[Extracted information Boundary: Start]
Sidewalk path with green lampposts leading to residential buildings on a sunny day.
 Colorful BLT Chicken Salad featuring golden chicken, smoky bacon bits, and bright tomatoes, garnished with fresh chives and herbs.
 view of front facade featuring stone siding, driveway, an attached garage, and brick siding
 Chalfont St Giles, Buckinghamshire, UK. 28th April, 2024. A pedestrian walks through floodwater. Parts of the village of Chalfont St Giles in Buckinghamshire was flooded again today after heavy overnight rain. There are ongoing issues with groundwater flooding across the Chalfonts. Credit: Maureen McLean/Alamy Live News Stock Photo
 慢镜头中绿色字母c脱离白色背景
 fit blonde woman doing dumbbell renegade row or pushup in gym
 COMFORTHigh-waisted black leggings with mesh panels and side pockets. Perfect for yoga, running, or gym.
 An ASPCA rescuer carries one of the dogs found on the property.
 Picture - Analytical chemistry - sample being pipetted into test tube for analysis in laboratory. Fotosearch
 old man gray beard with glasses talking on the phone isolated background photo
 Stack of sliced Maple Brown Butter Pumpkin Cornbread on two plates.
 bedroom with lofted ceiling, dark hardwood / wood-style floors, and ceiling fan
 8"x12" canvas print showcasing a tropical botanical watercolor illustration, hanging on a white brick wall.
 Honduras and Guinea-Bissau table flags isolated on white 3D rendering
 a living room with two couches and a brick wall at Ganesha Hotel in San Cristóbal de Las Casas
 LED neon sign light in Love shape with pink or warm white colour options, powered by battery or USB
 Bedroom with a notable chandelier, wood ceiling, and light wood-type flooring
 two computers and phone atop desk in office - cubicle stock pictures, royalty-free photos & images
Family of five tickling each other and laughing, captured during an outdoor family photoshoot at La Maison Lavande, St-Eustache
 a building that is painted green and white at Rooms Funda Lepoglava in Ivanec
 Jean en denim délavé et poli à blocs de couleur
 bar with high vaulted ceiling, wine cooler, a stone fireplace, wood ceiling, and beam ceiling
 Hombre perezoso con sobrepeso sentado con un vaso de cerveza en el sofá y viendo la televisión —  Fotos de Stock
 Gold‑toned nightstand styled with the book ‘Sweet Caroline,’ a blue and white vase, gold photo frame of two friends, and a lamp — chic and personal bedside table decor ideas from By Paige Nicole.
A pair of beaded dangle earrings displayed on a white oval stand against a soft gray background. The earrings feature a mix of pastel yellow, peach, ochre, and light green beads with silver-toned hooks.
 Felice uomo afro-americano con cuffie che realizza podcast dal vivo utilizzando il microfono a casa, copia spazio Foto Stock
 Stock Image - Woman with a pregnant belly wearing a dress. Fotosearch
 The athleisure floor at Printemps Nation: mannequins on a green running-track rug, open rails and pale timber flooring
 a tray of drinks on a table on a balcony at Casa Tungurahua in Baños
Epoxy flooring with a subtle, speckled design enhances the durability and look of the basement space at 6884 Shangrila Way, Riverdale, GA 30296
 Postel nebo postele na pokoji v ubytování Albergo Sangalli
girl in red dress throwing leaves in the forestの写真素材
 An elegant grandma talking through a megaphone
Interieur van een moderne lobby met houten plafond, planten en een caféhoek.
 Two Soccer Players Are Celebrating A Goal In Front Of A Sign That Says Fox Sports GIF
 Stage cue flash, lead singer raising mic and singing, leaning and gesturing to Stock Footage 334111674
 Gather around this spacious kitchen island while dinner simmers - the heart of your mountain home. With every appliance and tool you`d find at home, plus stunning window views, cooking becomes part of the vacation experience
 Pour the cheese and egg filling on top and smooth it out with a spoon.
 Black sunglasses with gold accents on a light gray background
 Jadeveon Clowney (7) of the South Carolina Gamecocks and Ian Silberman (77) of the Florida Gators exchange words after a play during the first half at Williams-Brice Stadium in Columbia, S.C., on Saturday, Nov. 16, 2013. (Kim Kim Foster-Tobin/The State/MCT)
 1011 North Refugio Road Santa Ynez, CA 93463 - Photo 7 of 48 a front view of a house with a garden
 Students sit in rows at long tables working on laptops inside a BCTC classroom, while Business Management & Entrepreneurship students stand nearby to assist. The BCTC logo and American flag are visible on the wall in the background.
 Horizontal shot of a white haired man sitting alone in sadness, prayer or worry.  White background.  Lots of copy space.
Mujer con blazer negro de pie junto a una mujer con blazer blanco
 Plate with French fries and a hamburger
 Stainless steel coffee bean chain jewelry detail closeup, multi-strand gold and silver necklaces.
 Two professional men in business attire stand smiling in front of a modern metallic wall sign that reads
[Extracted information Boundary: End]
• **What needs to be done**: Wherever a line of the entries holds the string "green", copy that line.

• **The answer**:
Sidewalk path with green lampposts leading to residential buildings on a sunny day.
 a building that is painted green and white at Rooms Funda Lepoglava in Ivanec
A pair of beaded dangle earrings displayed on a white oval stand against a soft gray background. The earrings feature a mix of pastel yellow, peach, ochre, and light green beads with silver-toned hooks.
 The athleisure floor at Printemps Nation: mannequins on a green running-track rug, open rails and pale timber flooring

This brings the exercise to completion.